- Directed by: Lupita A. Kashiwahara
- Screenplay by: Armando Lao
- Based on: Hati Tayo sa Magdamag by Sally Esteban
- Produced by: Ramon Salvador
- Starring: Edu Manzano; Tetchie Agbayani; Jacklyn Jose; Francis Magalona; Armida Siguion Reyna; Caridad Sanchez; Eddie Rodriguez;
- Cinematography: Ato Bernardo
- Edited by: Ike Jarlego Jr.
- Music by: Mon del Rosario
- Production company: Viva Films
- Release date: March 9, 1988;
- Country: Philippines
- Language: Filipino

= Hati Tayo sa Magdamag =

1988 Filipino romantic drama film

Hati Tayo sa Magdamag (lit. 'We Share the Evening') is a 1988 Filipino romantic drama film directed by Lupita A. Kashiwahara and written by Armando Lao. Adapted from the Extra Special Komiks "komik" of the same name by Sally Esteban, it stars Edu Manzano, Tetchie Agbayani, Jacklyn Jose, Francis Magalona, Armida Siguion Reyna, Caridad Sanchez and Eddie Rodriguez. Produced by Viva Films, the film was released on March 9, 1988.

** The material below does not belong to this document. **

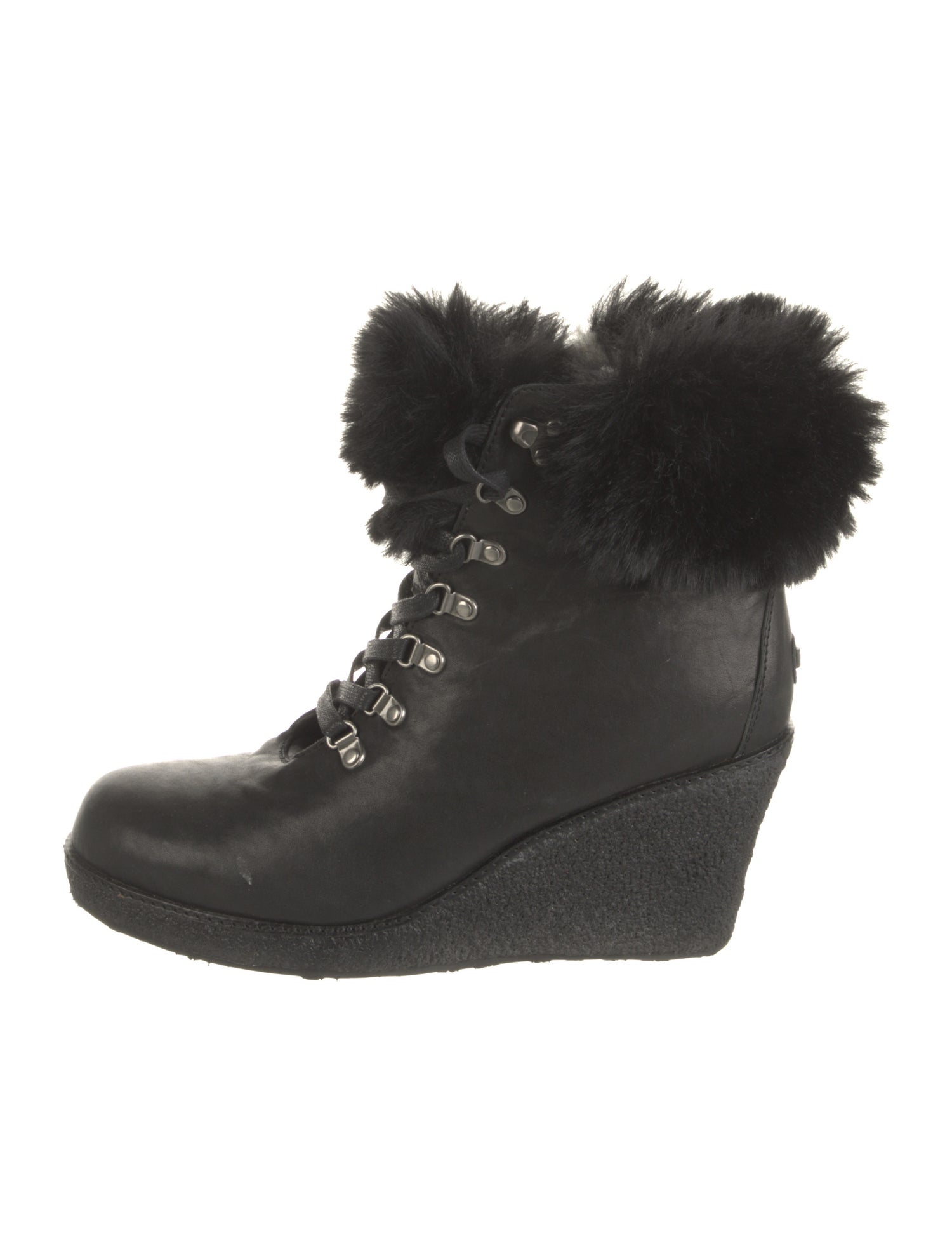 Australia Luxe Collective Leather Faux Fur Trim Lace-Up Boots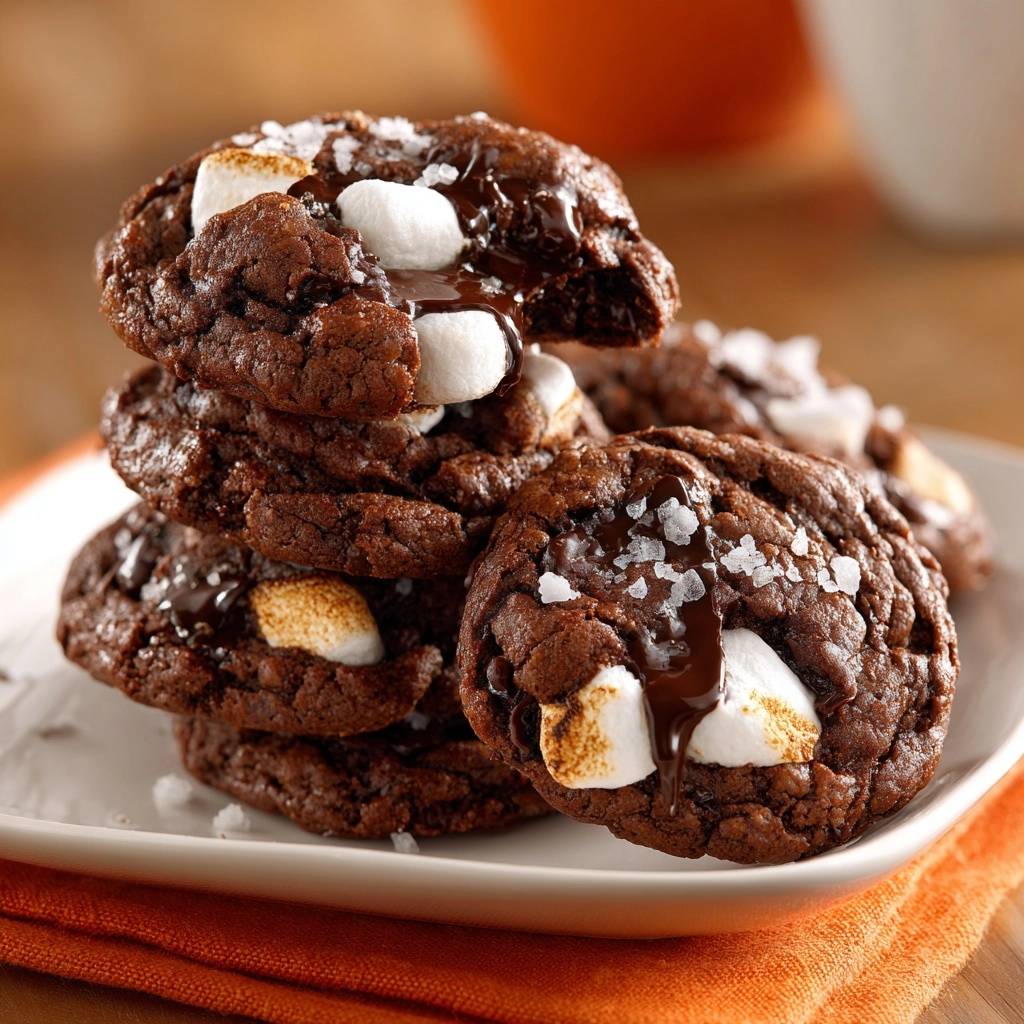 Schoko-Marshmallow-Cookies mit Meersalz, gestapelt auf einem Teller, Nahaufnahme mit geschmolzenen Marshmallows und Schokoladenglasur.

Critic Lav Diaz gave Hati Tayo sa Magdamag a mixed review, stating that the film is "not too good and not quite a failure" while giving praise to Jose's performance.

==Cast==
- Edu Manzano as Jerry "Greggy" Pangilinan
- Tetchie Agbayani as Antonette Revilla
- Jacklyn Jose as Rochelle San Juan
- Francis Magalona as Arthur
- Armida Siguion Reyna as Doña Concha Revilla
- Caridad Sanches as Aling Pinang
- Eddie Rodriguez as Don Teofilo Revilla
- Janice Jurado as Don Teofilo's girlfriend
- Tina Loy as Nana Viring
- Junix Inocian as Mr. Diwa
- Jun Roy as Mang Selo
- Tito Tesoro as Mang Tito
- Freddie Papa as Mang Johnny
- Marie Barbacui as Inday
- Butch Gonzales as professor
- Dr. Joseph Laureta as doctor
- Anna Ascalon as nurse
- Alma Lerma as Doña Concha's friend
- Bessie Barredo as Doña Concha's friend
- Remy Novales as Doña Concha's friend

==Production==
Hati Tayo sa Magdamag is director Lupita A. Kashiwahara's first theatrical film in many years, and is based on the Extra Special Komiks "komik" of the same by Sally Esteban.

==Release==
Hati Tayo sa Magdamag was rated "A" by the Movie and Television Review and Classification Board (MTRCB), indicating a "Very Good" quality, and was released on March 9 or 10, 1988.

===Critical response===
Lav Diaz, writing for the Manila Standard, gave Hati Tayo sa Magdamag a mixed review, stating that the film is "not too good and not quite a failure. It has intense scenes and it also has some that can be open to interpretation." He also praised Jaclyn Jose's performance and the screenplay's lack of overly poetic dialogue, the latter of which he noted is a common trait among films produced by Viva Films, but he lamented the fact that a slapping scene still remained in the film, stating that "only one slap was done but this was a deafening crack on the film." He concluded on a positive note that the film is a step in the right direction for the studio to change its traditions.

==TV Rights acquisition==
ABS-CBN acquired the television rights to air the movie in 1990. It was retitled Hati Tayo sa Puso when it premiered on the network's weekend movie block Tagalog Movie Greats.